Omit the pictures and copy the entries exactly.

SOURCE MATERIAL Start Marker

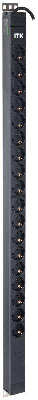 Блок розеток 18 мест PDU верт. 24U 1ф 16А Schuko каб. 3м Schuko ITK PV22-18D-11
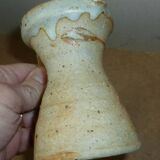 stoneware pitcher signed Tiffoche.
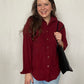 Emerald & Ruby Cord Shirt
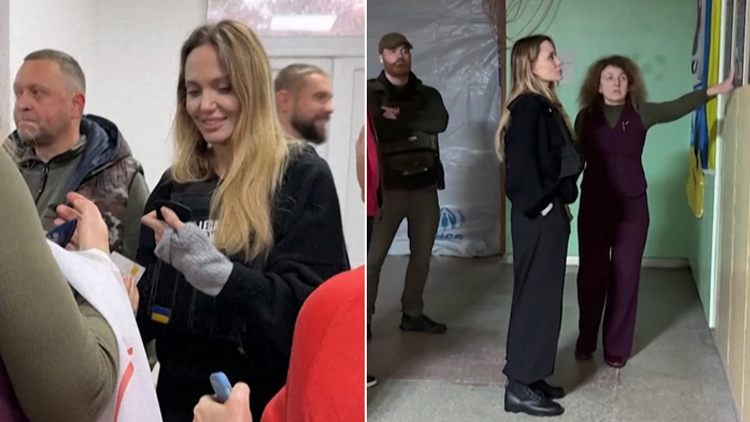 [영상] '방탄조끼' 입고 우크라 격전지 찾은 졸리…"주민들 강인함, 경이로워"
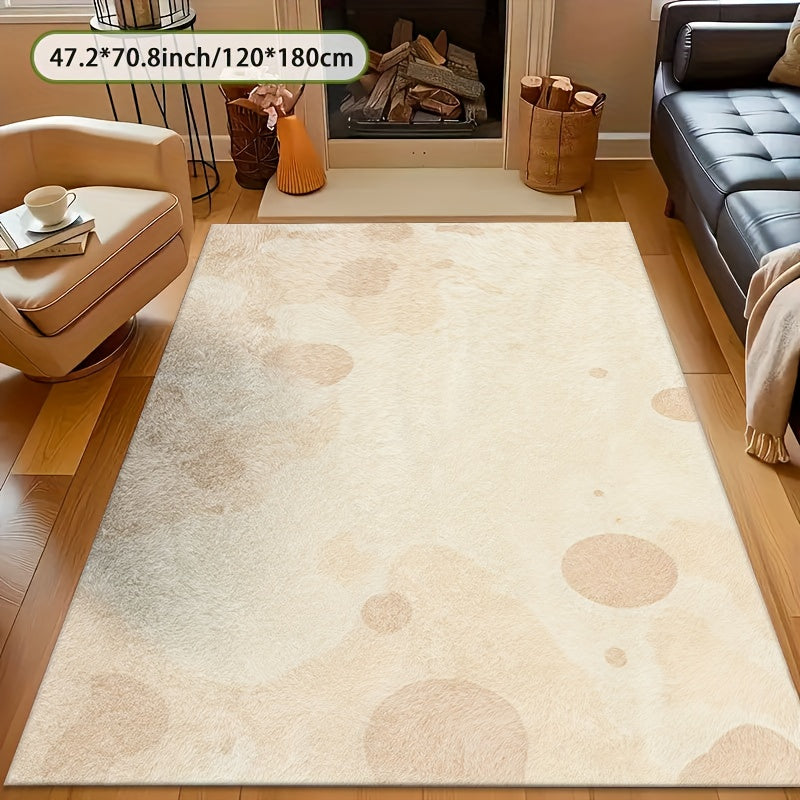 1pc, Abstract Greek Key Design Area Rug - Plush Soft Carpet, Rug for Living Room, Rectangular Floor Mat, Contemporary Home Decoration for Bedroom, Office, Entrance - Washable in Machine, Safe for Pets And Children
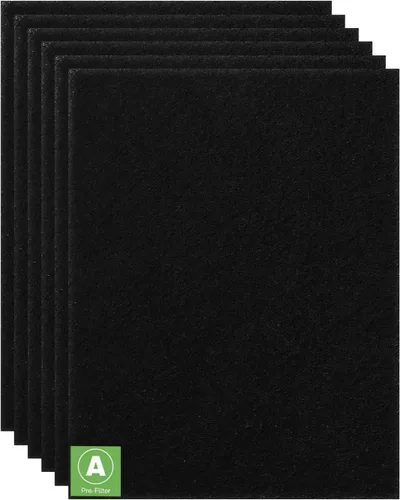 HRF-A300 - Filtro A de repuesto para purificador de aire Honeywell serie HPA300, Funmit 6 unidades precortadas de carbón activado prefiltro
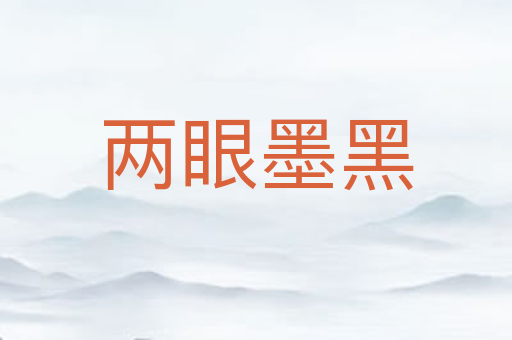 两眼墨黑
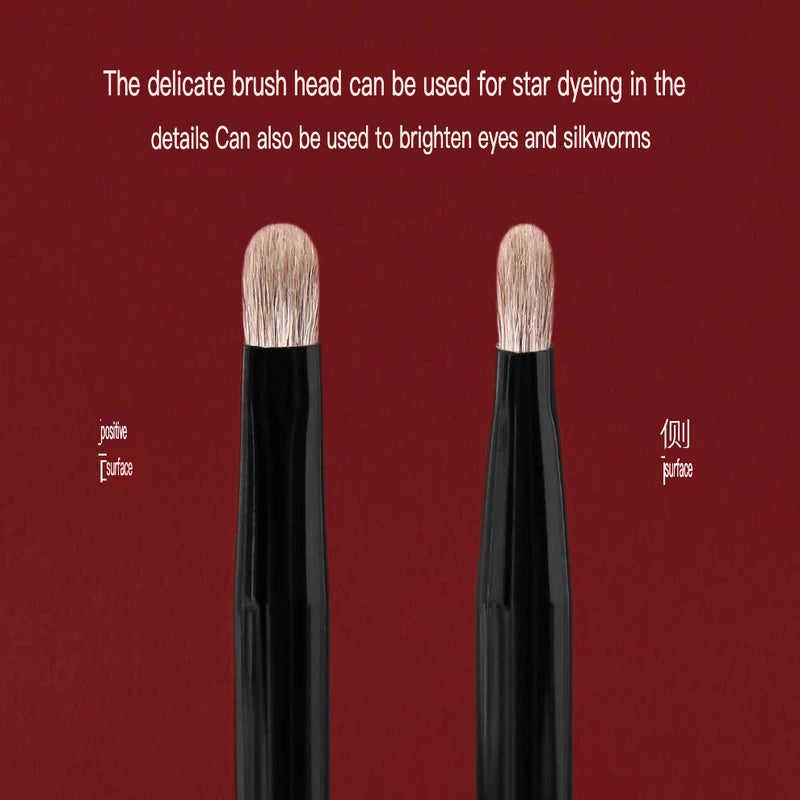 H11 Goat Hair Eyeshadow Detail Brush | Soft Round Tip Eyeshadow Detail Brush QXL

SOURCE MATERIAL End Marker

▶ WRITTEN REPLY:
 Блок розеток 18 мест PDU верт. 24U 1ф 16А Schuko каб. 3м Schuko ITK PV22-18D-11
 stoneware pitcher signed Tiffoche.
 Emerald & Ruby Cord Shirt
 [영상] '방탄조끼' 입고 우크라 격전지 찾은 졸리…"주민들 강인함, 경이로워"
 1pc, Abstract Greek Key Design Area Rug - Plush Soft Carpet, Rug for Living Room, Rectangular Floor Mat, Contemporary Home Decoration for Bedroom, Office, Entrance - Washable in Machine, Safe for Pets And Children
 HRF-A300 - Filtro A de repuesto para purificador de aire Honeywell serie HPA300, Funmit 6 unidades precortadas de carbón activado prefiltro
 两眼墨黑
 H11 Goat Hair Eyeshadow Detail Brush | Soft Round Tip Eyeshadow Detail Brush QXL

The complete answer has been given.